This time I found two about equally important main components. They account for 13 and 12 percent of all the variation, respectively. This shows there is structure here; if it was all random noise each new axis would account for only 100/43, or about 2.3 percent. In geometric terms: with random variation the point cloud would look like a fuzzy ball, instead it looks like a thick disc. A 43-dimensional thick disc.

This is the first axis:

Estonia 0,631
Latvia 0,601
Iceland 0,559
Ireland 0,546
Denmark 0,527
Finland 0,495
Norway 0,483
Lithuania 0,458
Sweden 0,371
Poland 0,282
United Kingdom 0,246
Portugal 0,196
Belarus 0,115
Malta 0,094
Israel 0,090
Hungary 0,064
Spain 0,063
Ukraine 0,052
Moldova 0,048
Russia 0,005
Georgia -0,035
The Netherlands -0,042
San Marino -0,057
Germany -0,076
Italy -0,094
Belgium -0,129
Romania -0,139
France -0,164
Azerbaijan -0,165
Armenia -0,188
Slovenia -0,250
Austria -0,265
Cyprus -0,281
Switzerland -0,303
Greece -0,371
Serbia -0,393
Croatia -0,447
Bulgaria -0,462
Turkey -0,469
Montenegro -0,481
Albania -0,485
Bosnia & Herzegovina -0,618
Macedonia -0,641

It gives positive weights to the Baltic states + Poland, the Nordics and the UK and Ireland, while being anticorrelated with most ex-Yugoslav countries and their neighbors around the eastern Mediterranean. This matches my preexisting beliefs, namely that the Balkans and the Nordic-Baltics are both blocs and don’t agree on much, musically. Call it North vs. South, if you will.

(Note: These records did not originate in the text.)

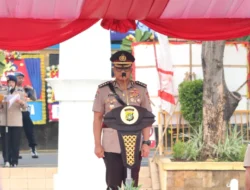 Irwasda Polda Metro Jaya Pimpin Upacara Peringatan Hari Juang Polri 2025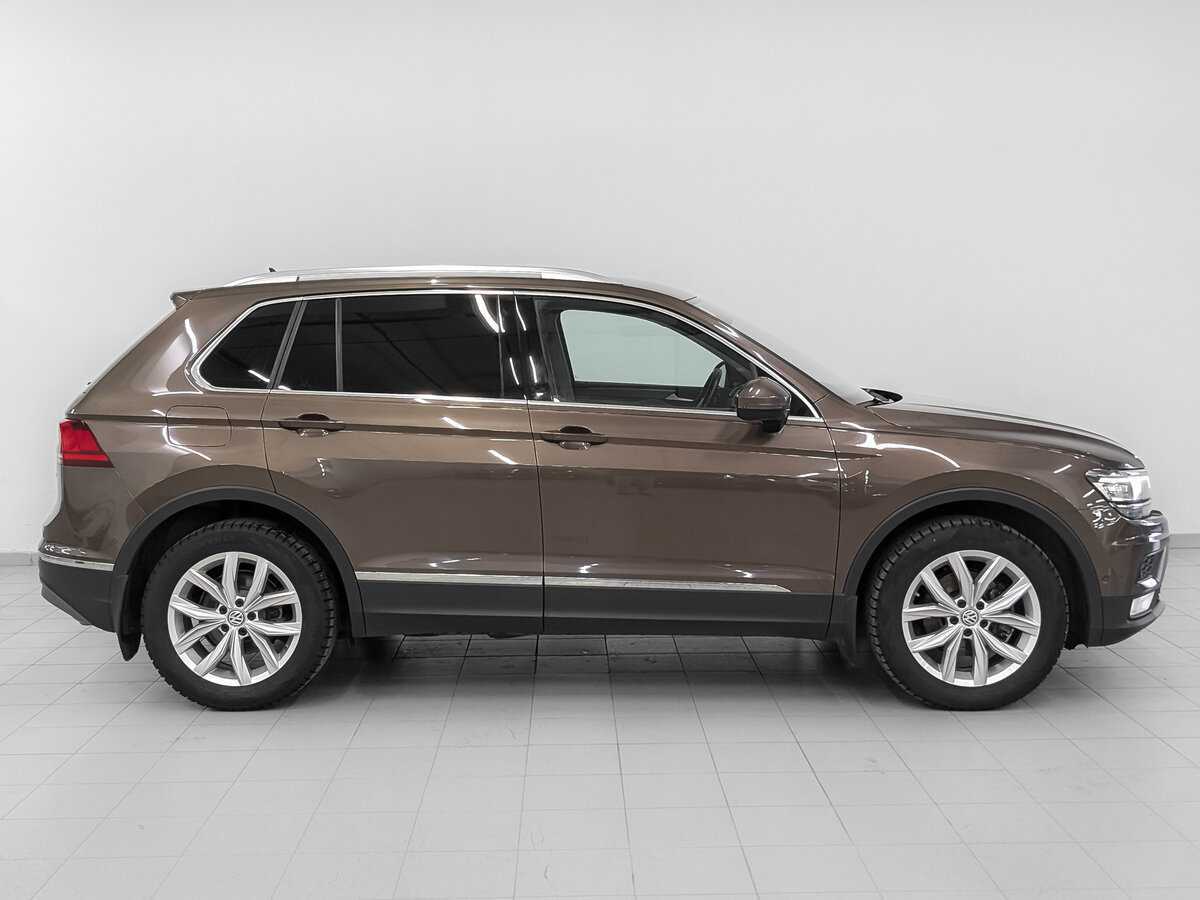 Купить Volkswagen Tiguan, 2017, 191 116 км, фото №4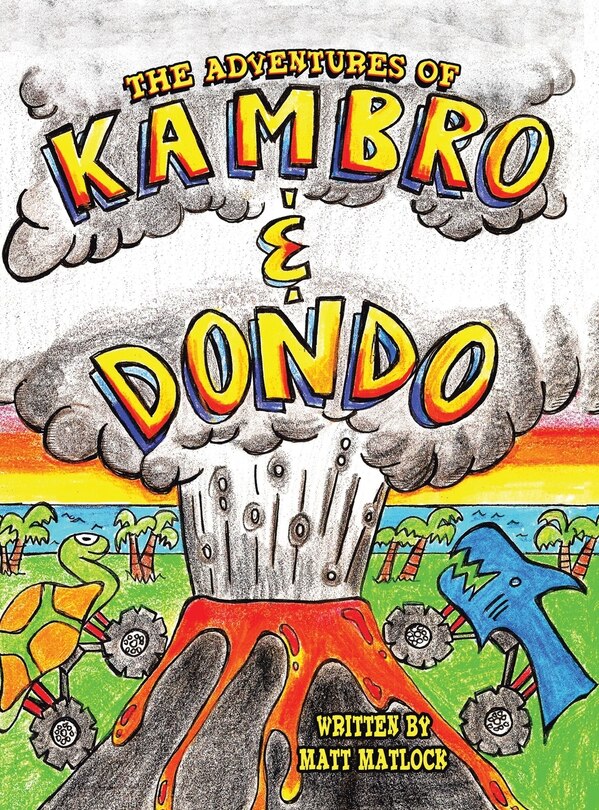 Front cover_The Adventures of Kambro and Dondo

The second one looks like this:

Belarus 0,722
Ukraine 0,720
Russia 0,706
Moldova 0,612
Georgia 0,600
Azerbaijan 0,541
Armenia 0,541
Israel 0,395
Lithuania 0,296
Cyprus 0,276
Greece 0,264
Bulgaria 0,187
Poland 0,154
Latvia 0,127
Romania 0,120
Malta 0,095
Portugal 0,078
Turkey 0,071
Spain 0,059
Estonia 0,033
San Marino 0,013
Italy -0,034
Hungary -0,043
Montenegro -0,093
Ireland -0,147
France -0,168
Belgium -0,174
Albania -0,187
United Kingdom -0,189
Serbia -0,239
Macedonia -0,248
Croatia -0,305
Austria -0,333
Finland -0,351
Germany -0,356
Iceland -0,374
Bosnia & Herzegovina -0,394
The Netherlands -0,416
Slovenia -0,458
Norway -0,474
Denmark -0,502
Sweden -0,537
Switzerland -0,552

Well, this is pretty obvious. It’s got all the ex-Soviet states at one end, and a more eclectic we’re-not-the-Soviet-Union club at the other. If the first had a vague North-South feel this has an even vaguer East-West feel.

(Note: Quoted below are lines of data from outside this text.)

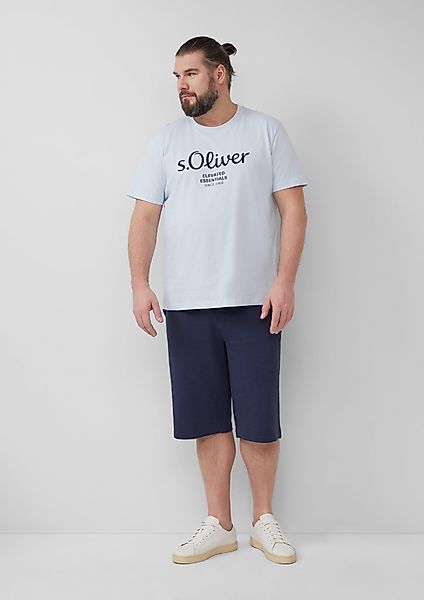s.Oliver Bermudas Detroit: Sweat-Bermuda mit Flammgarnstruktur günstig online kaufen
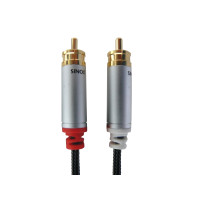 Produktbild för Sinox ljudkabel - 1.5 m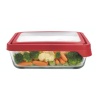 Anchor Hocking - Trueseal Rectangular Glass Container w/Trueseal Lid 2600ml Photo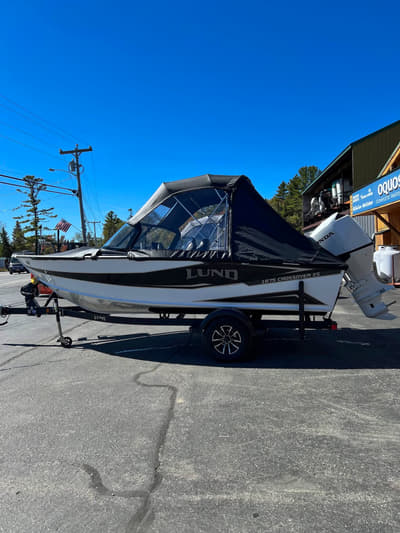 BOATZON | Lund Crossover XS 1875 with Honda 150 Motor 2026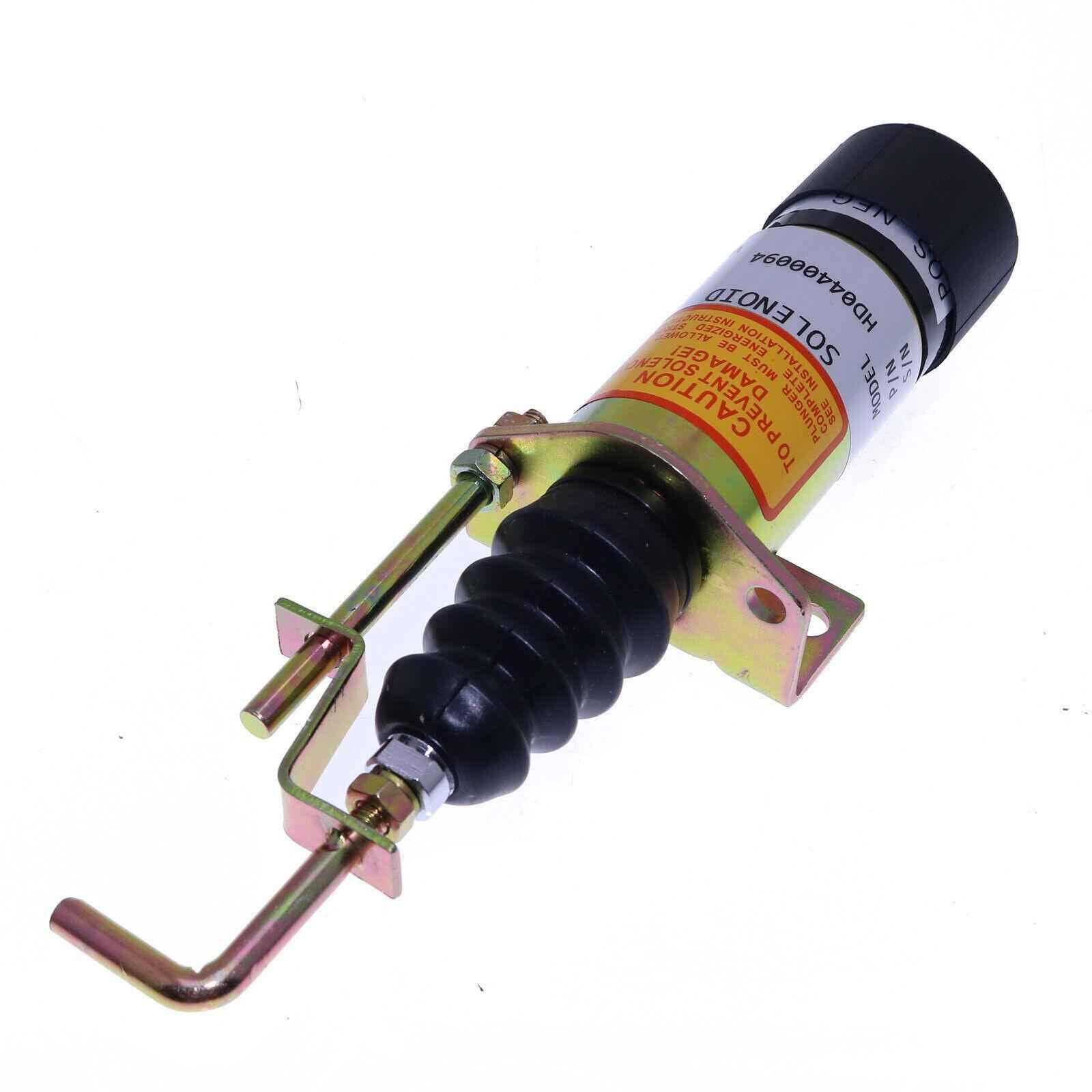 12V Fuel Shutoff Solenoid 1502-12C7U2B2S1 366-07197 SA-3405T For Lister Peter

The next axis only explains about 7% of the variation, roughly half as important as these. It’s also not as easily interpreted, so I thought making a plot showing the combination of the first two was more interesting than looking at more axes.

So, without further ado:

The Eurovision Song Contest taste landscape

If we put the first dimension on the Y axis (as is fitting for something vaguely North-South) and the second on the X axis (fitting for something vaguely East-West), we get this picture (dot sizes reflect total points received during the period):

mainplot

Cool. Don’t some things just pop out at you? The tightly knit ex-Soviet group to the right, the Nordic gang in the top left corner and their Baltic brethren on the right? The Baltic countries are even in the right order(!) with Poland in a geographically appropriate position south of them. Greece, Cyprus, Turkey, Bulgaria and Romania are close, as are the former Yugoslav countries. There is even a group of romance language speakers in the middle.

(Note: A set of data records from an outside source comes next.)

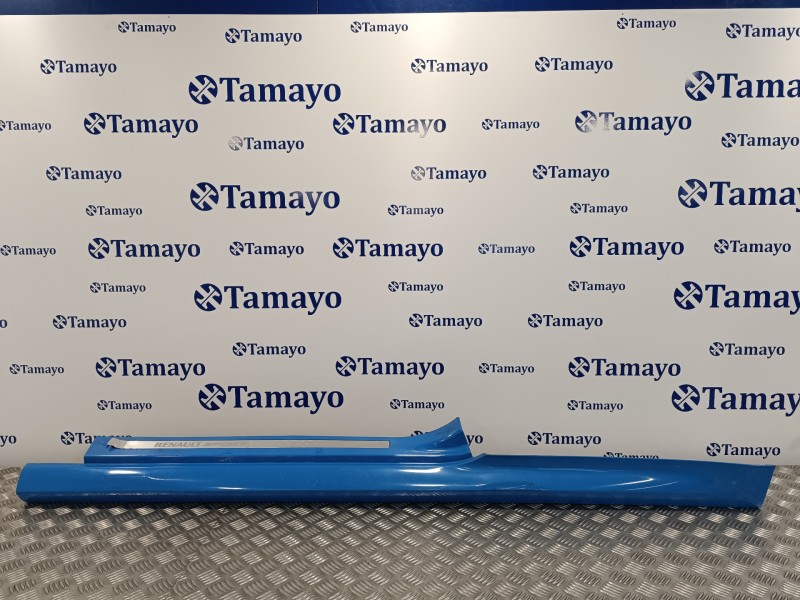 Recambio de spoiler talonera izquierda para renault clio iii 2.0 16v cat referencia OEM IAM 8200441784  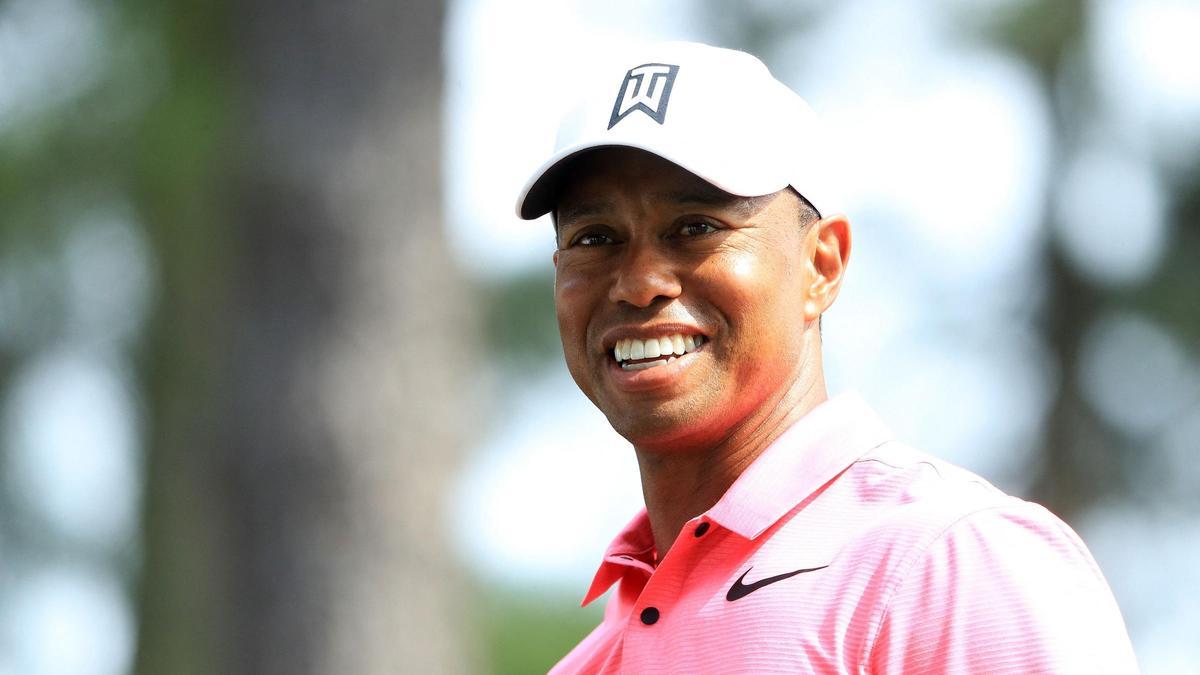 Woods vuelve a sonreir tras anunciar su vuelta a la competición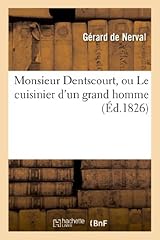 Monsieur dentscourt cuisinier d'occasion  Livré partout en France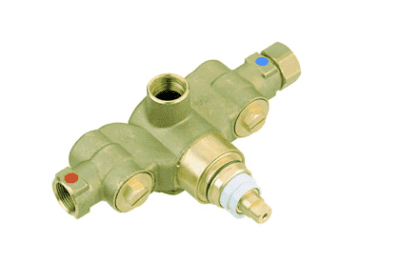 Cisal Inbouwdeel thermostaatkraan 3/4″ HY00019004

Sure, there are a few oddities. Why is Slovenia hanging out with the germanic-speaking clique[7]? And Ireland appears to be located in the middle of the Baltic sea? But there are some extra neat stuff too, like Romania being the bridge between the romance speakers and the east Mediterranean/Black Sea group, and France and Belgium hanging out right between the Romance and Germanic heartlands. It would’ve been just a little bit more perfect if Belgium was placed right between France and the Netherlands, but you can’t get everything.

I can’t account for the positions of Hungary and Israel (and why Poland and Portugal are so close[8]). Why does Hungary vote like Spain and Malta (I think I expected them to be somewhere between Austria and Croatia…)? And why is Israel closer to the ex-Soviets than to the rest of the east Mediterraneans? It’s probably not because of lingustic differences; Turkish, Greek, Bulgarian and Romanian are all in different language families.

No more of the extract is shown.